Scraped caption text data:
▶

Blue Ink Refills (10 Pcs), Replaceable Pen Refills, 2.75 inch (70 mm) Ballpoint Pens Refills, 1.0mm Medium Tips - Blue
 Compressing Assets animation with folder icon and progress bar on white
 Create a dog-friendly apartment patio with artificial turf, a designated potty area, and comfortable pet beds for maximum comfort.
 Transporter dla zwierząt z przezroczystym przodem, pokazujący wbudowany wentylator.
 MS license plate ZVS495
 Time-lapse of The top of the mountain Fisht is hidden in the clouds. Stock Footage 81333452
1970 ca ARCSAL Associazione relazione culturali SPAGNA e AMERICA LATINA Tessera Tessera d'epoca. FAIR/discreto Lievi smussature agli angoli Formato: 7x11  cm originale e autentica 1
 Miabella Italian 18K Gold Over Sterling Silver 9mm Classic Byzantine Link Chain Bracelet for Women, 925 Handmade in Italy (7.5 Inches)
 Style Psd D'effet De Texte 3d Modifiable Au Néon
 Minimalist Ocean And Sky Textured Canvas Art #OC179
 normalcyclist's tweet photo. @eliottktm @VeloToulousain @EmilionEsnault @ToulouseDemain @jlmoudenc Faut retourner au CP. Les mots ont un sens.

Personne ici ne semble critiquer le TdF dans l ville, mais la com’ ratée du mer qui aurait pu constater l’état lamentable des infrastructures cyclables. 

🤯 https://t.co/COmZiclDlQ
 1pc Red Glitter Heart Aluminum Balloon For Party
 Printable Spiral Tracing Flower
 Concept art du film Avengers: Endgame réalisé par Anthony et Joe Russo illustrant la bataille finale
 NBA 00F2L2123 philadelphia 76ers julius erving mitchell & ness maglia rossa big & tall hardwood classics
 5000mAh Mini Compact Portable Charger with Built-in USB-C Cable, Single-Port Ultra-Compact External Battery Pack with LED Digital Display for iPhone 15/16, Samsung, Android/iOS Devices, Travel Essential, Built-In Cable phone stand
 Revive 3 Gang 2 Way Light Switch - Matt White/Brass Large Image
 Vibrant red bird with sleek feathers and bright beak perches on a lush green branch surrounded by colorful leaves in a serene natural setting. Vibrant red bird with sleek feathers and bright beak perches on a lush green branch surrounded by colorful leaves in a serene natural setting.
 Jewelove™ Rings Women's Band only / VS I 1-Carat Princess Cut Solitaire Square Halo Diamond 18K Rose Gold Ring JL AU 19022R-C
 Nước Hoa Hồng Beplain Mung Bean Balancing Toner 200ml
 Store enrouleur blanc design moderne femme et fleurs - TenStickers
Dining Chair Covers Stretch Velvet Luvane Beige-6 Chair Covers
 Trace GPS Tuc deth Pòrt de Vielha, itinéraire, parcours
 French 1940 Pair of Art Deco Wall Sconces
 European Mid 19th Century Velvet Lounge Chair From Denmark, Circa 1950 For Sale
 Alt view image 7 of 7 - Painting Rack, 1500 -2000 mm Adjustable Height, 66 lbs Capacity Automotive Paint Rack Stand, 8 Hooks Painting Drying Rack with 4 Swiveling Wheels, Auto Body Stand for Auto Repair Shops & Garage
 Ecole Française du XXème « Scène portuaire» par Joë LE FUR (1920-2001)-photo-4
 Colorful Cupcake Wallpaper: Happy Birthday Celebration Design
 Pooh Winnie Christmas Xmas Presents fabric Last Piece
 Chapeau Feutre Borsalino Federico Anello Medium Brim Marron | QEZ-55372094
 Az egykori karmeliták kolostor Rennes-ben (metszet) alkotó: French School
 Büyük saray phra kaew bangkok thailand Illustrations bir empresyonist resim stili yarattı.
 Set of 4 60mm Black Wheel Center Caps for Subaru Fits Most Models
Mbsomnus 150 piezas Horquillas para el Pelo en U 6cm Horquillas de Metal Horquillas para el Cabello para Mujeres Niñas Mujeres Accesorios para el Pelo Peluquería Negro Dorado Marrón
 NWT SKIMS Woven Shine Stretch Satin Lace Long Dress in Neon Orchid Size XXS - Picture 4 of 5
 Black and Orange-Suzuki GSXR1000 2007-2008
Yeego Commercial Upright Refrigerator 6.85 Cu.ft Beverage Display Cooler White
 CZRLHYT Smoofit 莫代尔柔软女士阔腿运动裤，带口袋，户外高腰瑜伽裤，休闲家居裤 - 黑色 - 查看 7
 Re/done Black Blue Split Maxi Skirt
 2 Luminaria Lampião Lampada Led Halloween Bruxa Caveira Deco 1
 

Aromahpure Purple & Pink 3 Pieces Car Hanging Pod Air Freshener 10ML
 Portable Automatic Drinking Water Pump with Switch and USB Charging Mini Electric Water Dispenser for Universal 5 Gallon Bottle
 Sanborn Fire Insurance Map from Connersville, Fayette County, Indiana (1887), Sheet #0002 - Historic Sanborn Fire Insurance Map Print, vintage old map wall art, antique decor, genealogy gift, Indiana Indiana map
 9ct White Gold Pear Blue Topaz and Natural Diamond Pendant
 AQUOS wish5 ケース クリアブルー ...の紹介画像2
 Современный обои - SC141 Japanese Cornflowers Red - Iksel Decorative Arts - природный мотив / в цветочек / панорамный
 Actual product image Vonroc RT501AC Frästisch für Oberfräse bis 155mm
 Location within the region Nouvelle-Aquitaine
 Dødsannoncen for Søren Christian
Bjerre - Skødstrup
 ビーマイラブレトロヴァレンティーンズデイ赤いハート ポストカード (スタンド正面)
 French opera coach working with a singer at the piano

◀

**Instructions for the task:** If a line falls between the first line of the data above and the line holding "Time-lapse of The", inclusive, retype it exactly; retype no other line.

**Task output:**
Blue Ink Refills (10 Pcs), Replaceable Pen Refills, 2.75 inch (70 mm) Ballpoint Pens Refills, 1.0mm Medium Tips - Blue
 Compressing Assets animation with folder icon and progress bar on white
 Create a dog-friendly apartment patio with artificial turf, a designated potty area, and comfortable pet beds for maximum comfort.
 Transporter dla zwierząt z przezroczystym przodem, pokazujący wbudowany wentylator.
 MS license plate ZVS495
 Time-lapse of The top of the mountain Fisht is hidden in the clouds. Stock Footage 81333452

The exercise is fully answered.